Jika saya jabarkan pendapat maka Nelangsa adalah sebuah kondisi yang membuat serba salah untuk melakukan sesuatu, seperti sedang berjalan kearah yang tidak sesuai dengan harapan karena dapat membuat kebingungan untuk harus berbuat apa. Sehingga akan merasakan kondisi kekosongan waktu, tempat dan perasaan.

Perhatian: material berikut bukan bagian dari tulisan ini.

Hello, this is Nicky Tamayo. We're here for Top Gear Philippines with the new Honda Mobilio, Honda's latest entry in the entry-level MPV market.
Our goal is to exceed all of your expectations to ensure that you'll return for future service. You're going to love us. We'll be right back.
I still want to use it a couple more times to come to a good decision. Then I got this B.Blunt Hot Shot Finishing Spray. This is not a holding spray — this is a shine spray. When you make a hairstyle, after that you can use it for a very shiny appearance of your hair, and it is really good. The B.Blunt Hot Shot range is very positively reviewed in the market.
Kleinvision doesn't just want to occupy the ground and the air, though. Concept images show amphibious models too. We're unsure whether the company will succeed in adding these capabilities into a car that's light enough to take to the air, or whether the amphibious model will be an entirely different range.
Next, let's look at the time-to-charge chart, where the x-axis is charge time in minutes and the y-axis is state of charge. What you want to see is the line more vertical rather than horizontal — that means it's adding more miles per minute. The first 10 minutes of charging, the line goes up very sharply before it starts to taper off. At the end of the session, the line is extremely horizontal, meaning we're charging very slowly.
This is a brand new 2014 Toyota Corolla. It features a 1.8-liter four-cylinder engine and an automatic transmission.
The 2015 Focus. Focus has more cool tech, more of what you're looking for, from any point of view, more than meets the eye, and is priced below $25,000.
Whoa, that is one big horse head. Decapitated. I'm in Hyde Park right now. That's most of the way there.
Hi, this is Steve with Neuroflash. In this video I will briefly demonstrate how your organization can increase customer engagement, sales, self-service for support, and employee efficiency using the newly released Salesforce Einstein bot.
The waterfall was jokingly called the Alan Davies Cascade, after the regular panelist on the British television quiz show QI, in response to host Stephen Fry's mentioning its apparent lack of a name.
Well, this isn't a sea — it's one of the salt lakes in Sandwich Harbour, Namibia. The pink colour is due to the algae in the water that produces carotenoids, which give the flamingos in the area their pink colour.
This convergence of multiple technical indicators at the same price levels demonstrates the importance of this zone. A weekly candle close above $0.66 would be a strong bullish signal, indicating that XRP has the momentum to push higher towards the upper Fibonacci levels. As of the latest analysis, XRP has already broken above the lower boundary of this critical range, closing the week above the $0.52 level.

Untuk lebih detailnya, berikut saya lampirkan petikan kata Nelangsa dalam novel Bumi Manusia karya Pramoedya Ananta Toer[*] : “Apa yang kurasakan sekarang ini adalah apa yang nenek moyangku menamainya NELANGSA, yaitu perasaan sebatang kara di tengah sesamanya yang sudah menjadi lain daripada dirinya, dimana panas matahari ditanggung semua orang, tetapi panas hati ditanggung seorang diri.”

Semoga bermanfaat.

Catatan kaki :

[*] Bumi Manusia karya Pramoedya Ananta Toer adalah buku pertama dari empat novel yang berdiri sendiri. Novel dalam kuartet Buru ini meliputi Bumi Manusia, Anak Semua Bangsa, Jejak Langkah, dan Rumah Kaca. Keempatnya dihasilkan oleh Pramoedya Ananta Toer sewaktu dalam tahanan buangan di Pulau Buru. Melalui tetralogi Buru inilah Pramoedya Ananta Toer berkali-kali dicalonkan sebagai peraih Nobel Sastra.

Bumi Manusia sendiri novel yang oleh adikalangan dianggap sebagai karya terbaik dari Pramoedya Ananta Toer ini mulai ditulis pada tahun 1975 secara sembunyi-sembunyi, dan diterbitkan pada tahun 1980 ketika dia dibebaskan dari Pulau Buru (kepulauan Maluku). Jilid pertamanya dibawakan secara oral pada para kawan sepenjaranya, dan sisanya diselundupkan ke luar negeri untuk dikoleksi pengarang Australia untuk kemudian diterbitkan dalam bahasa Inggris dan Indonesia.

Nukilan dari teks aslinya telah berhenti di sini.